Thursday, April 07, 2005

125 Years Ago on the Privacy Front

I pontificate: Current discussions often lack historical and/or comparative perspective.

The one thing I'm sure of is that most of the world is whippernappers and it gets worse everyday. Back when I was young, we had a cheap Ansco box camera. I've taken a few pictures in my time and spent an ill-fated 18 months in Rochester so I was interested in a recent biography of "George Eastman" (by Elizabeth Brayer), founder of Kodak. Just in terms of technical innovation the picture was familiar--sounds like biographies of Carnegie, Rockefeller, Gates, et. al. and fits the generalizations of Professor Clayton Christensen ("Innovators's Dilemma). (The biography itself is fact-laden and thorough, but not a quick read) Also some parallels on charity.

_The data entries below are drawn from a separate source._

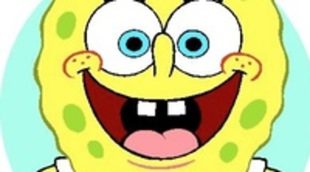 Clan domina con cinco de los diez programas más vistos de la TDT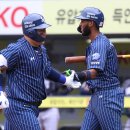장군멍군 - 아산시 | 장군멍군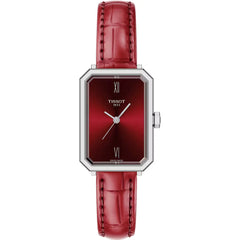 Tissot Bellissima 30x21,80mm Damenuhr - T160.110.16.423.00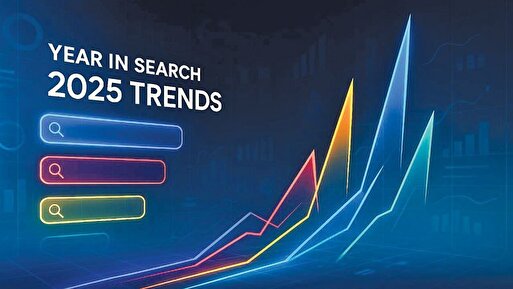 تسخیر اذهان در اسرائیل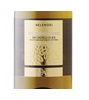 Velenosi Querciantica Verdicchio dei Castelli di Jesi Classico 2023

But what I'm interested in here were two incidental references--one on page 71 citing a beach that prohibited cameras and one on page 91 saying the Secretary of War had revoked the ban on taking cameras up in the Washington Monument. There was also a brief discussion of the idea that smallish cameras could be used/were used? by detectives. Maybe some historian has already done a piece in this area, but I didn't see a reference.

I take it all as a reminder that new innovations have always caused concern. End of pontification.